В церкви Христовой объявлено чрезвычайное положение, или Пир во время чумы
Когда идёт эпидемия коронавируса, причем такая мировая язва – не только моровая, но ещё и мировая, – в это время многое перед глазами обнажается, и с церкви, словно с Иова, снимаются слой за слоем её различные исторические «покровы». Например, сейчас, по сути, отменена вся приходская жизнь, вся власть иерархии и совершение всех церковных обрядов и таинств. Но люди ведь часто даже не знают о том, что всё это существует в церкви именно как исторические покровы. У них эти реальности смешиваются, им кажется, что всё это единое Тело Церкви Христовой. И в этом большая проблема, потому что снова расслоить или восстановить эти «покровы» в прежнем виде бывает очень и очень сложно, а дальше смешивать их очень и очень опасно. А «покровов» этих за две тысячи лет накопилось более чем достаточно, и мы часто не можем их как следует различить и оценить, что в них живое и перспективное, а что уже неживое; что, хоть и живое, но в лучшем случае его хватит на один сегодняшний день; что – может быть и хорошее, но всё равно должно быть передано в архив, в тайники исторической памяти церкви.
Итак, что же остаётся, когда нет ни храма, ни иерархии, ни богослужений, или всё это есть, но в очень усечённом виде? Что есть церковь в конечном итоге? Как она являет себя сегодня и как может являть?
Конечно, тайна Церкви – это прежде всего тайна Жизни и тайна Смерти. Но в исторической церкви, кроме тайны, ещё есть таинство Жизни и таинство Смерти. В каком-то смысле само таинство евхаристии всегда воспринималось как таинство Жизни, Жизни вечной. Мы причащаемся «для прощения грехов и Жизни вечной», и в то же время на молитве евхаристии мы в первую очередь воспоминаем Смерть и Воскресение Христа. Это опять же о Жизни и о Смерти. Христос побеждает Смерть, Христос дарует всем верным Жизнь вечную. Всё сходится ко Христу. Евхаристия чрезвычайно важна именно тем, что она удивительно христоцентрична, и поэтому она личностна и в то же время соборна. Да, сейчас она, может быть, не всегда очень личностна. Личностное начало в ней де факто, может быть, не очень хорошо выявлено, иногда даже просто потеряно, но вот соборное начало как попытка собирания церкви, собирания истины, собирания откровения, собирания опыта общения и со-общения в ней, безусловно, всегда присутствует. Причём значительно ярче, чем в крещении. Хотя крещение как раз должно было бы быть в определённом смысле прямым дополнением к евхаристии. Оно должно быть наиболее личностным таинством, пусть и не всегда очевидно соборным. В православной традиции крещение так часто и воспринимается – только как личное и личностное таинство, а евхаристия – как таинство соборное, как таинство собирания Церкви.
Это очень важно.
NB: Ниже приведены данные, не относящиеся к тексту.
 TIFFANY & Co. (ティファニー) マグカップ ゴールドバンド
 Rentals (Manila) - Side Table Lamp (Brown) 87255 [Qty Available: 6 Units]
Церковь через евхаристию и крещение должна выявлять себя и личностно, и соборно. Это и отражено в евхаристической и крещальной экклезиологиях. Но это явление возможно лишь тогда, когда мы воспринимаем саму Церковь в большей степени как тайну и таинство: тайну и таинство веры, тайну и таинство жизни, тайну и таинство молитвы. И литургические таинства все в этом смысле хороши, хотя особое место здесь принадлежит именно евхаристии и крещению, то есть так или иначе таинству просвещения и таинству собрания через благодарение и приобщение. Соборное таинство евхаристии действительно есть таинство собрания и собирания Церкви, как и всего того, что мы можем найти в этом мире от Бога, всего, что происходит от Него.
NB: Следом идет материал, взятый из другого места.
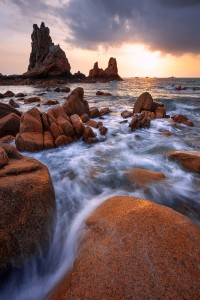 plougrescant bretagne - nicolas rottiers photographe paysage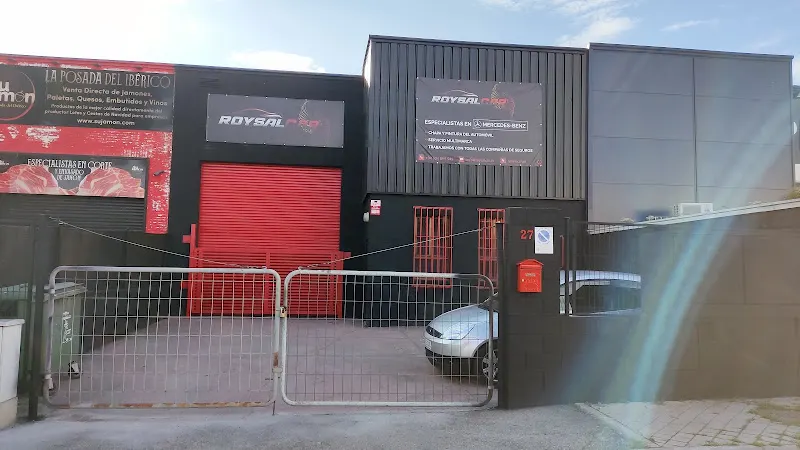 Ph Auto Móvil Taller Mecanico - Taller mecánico en Rivas-Vaciamadrid - foto 2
Мне кажется, очень важно видеть и то, что евхаристия себя однозначно не ограничивает, она пытается дойти до конца, до предела. Поэтому на ней воспоминаются и те, кто не является членами церкви, в том числе власти предержащие, на ней воспоминаются болящие, нуждающиеся, скорбящие, и при этом не уточняется их вероисповедание и качество их веры. На ней мы вспоминаем и о расколе церквей и устремляемся к их единению, молясь о нём. На всех евхаристиях так или иначе это присутствует. Конечно, здесь нужно не только воспоминание, но и благодарение за то, что нам уже дано, а также и за то, что нам обещано. Вот это благо-дарение за данное, имеющееся в данный момент, и за обещанное, наступающее, приблизившееся к нам – это, конечно, удивительно вдохновляющее действие церкви, в котором она лучшим образом может себя проявлять.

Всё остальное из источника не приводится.